The library raises ollama.ResponseError for API-level errors and standard Python exceptions for connection issues.

import ollama

try:
    response = ollama.chat(
        model="llama3.2",
        messages=[{"role": "user", "content": "Hello"}],
    )
except ollama.ResponseError as e:
    # e.status_code: HTTP status (404, 500, etc.)
    # e.error: error message string from Ollama
    print(f"Ollama error {e.status_code}: {e.error}")
except Exception as e:
    # ConnectionRefusedError if Ollama is not running
    print(f"Connection error: {e}")

Common Errors

ErrorStatusCauseFix
model 'X' not found404Model not downloadedollama.pull("X")
connection refusedOllama not runningollama serve in terminal
context length exceeded400Prompt exceeds num_ctxIncrease num_ctx in options
out of memory500Model too large for VRAMReduce num_gpu or use a smaller quant

Verification

After wiring up your integration, run this end-to-end check:

python - <<'EOF'
import ollama

# 1. List local models
models = ollama.list()
print("Models:", [m["name"] for m in models["models"]])

# 2. Chat
r = ollama.chat("llama3.2", messages=[{"role":"user","content":"Say OK"}])
print("Chat:", r["message"]["content"])

# 3. Embeddings
e = ollama.embeddings("nomic-embed-text", prompt="test")
print("Embedding dims:", len(e["embedding"]))
EOF

You should see:

Models: ['llama3.2:latest', 'nomic-embed-text:latest']
Chat: OK
Embedding dims: 768

What You Learned

  • chat is for multi-turn conversation; generate is for single-turn raw completion — pick the right one for your use case.
  • Streaming requires iterating the generator immediately; storing it and iterating later works too, but the connection stays open until exhausted.
  • AsyncClient is a drop-in async replacement — same method signatures, just await each call.
  • The OpenAI-compatible endpoint lets you swap providers without rewriting call sites, but you lose Ollama-specific controls.
  • Always use a dedicated embedding model (nomic-embed-text, mxbai-embed-large) — chat models produce embeddings but they are lower quality.

Tested on Ollama 0.4, Python 3.12, macOS Sequoia and Ubuntu 24.04


FAQ

Q: Does the Ollama Python library work with models on a remote server? A: Yes — pass host="http://your-server:11434" to Client or AsyncClient. Make sure port 11434 is open on the server's firewall.
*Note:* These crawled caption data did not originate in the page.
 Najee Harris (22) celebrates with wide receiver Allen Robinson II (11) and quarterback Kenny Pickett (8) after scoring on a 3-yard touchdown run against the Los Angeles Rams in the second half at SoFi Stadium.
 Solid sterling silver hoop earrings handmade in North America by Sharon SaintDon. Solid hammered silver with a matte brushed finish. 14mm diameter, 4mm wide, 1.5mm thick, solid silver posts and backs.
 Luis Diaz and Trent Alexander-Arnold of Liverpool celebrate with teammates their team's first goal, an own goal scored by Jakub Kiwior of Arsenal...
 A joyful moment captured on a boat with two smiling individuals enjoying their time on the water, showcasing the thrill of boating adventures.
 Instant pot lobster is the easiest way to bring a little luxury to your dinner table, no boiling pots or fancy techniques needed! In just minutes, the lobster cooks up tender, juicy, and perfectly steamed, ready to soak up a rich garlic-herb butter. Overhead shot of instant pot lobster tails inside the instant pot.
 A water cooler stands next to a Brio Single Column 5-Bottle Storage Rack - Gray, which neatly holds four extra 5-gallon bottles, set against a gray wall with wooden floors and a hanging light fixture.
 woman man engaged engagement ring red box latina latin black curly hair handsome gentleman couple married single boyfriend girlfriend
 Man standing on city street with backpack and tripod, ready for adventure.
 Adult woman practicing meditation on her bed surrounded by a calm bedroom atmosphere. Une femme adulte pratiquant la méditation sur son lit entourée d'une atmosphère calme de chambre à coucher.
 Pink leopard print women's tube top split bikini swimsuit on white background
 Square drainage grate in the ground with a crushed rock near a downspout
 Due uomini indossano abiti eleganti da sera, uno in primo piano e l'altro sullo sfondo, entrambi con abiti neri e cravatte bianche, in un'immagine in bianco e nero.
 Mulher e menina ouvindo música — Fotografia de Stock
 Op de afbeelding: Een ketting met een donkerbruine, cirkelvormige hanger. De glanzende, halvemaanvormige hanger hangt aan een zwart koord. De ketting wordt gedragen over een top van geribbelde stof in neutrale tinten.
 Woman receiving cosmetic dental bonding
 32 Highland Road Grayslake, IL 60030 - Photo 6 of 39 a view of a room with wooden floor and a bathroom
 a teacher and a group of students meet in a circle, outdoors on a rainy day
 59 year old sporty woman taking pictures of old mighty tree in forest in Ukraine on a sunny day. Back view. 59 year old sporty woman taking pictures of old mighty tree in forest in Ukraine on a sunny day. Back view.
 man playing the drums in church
Q: What is the difference between chat and generate? A: chat manages message history in a structured role/content format and is required for function calling. generate takes a raw string prompt and is lower-level — useful for custom templating or fill-in-middle via the suffix parameter.

Q: Can I run ollama Python library calls inside a Jupyter notebook? A: Yes for sync calls. For async calls, use nest_asyncio or await directly if your Jupyter kernel supports it (JupyterLab 4+ does).

Q: How do I keep a model loaded in VRAM between requests? A: Set keep_alive="10m" (or any duration) on your first request. Ollama unloads the model after the duration elapses with no requests. Use keep_alive="0" to unload immediately after a request.

Q: Does ollama.embeddings support batch input like OpenAI's embeddings endpoint? A: No — the Ollama embeddings endpoint takes a single string. Use AsyncClient with asyncio.gather to parallelize multiple embedding calls efficiently.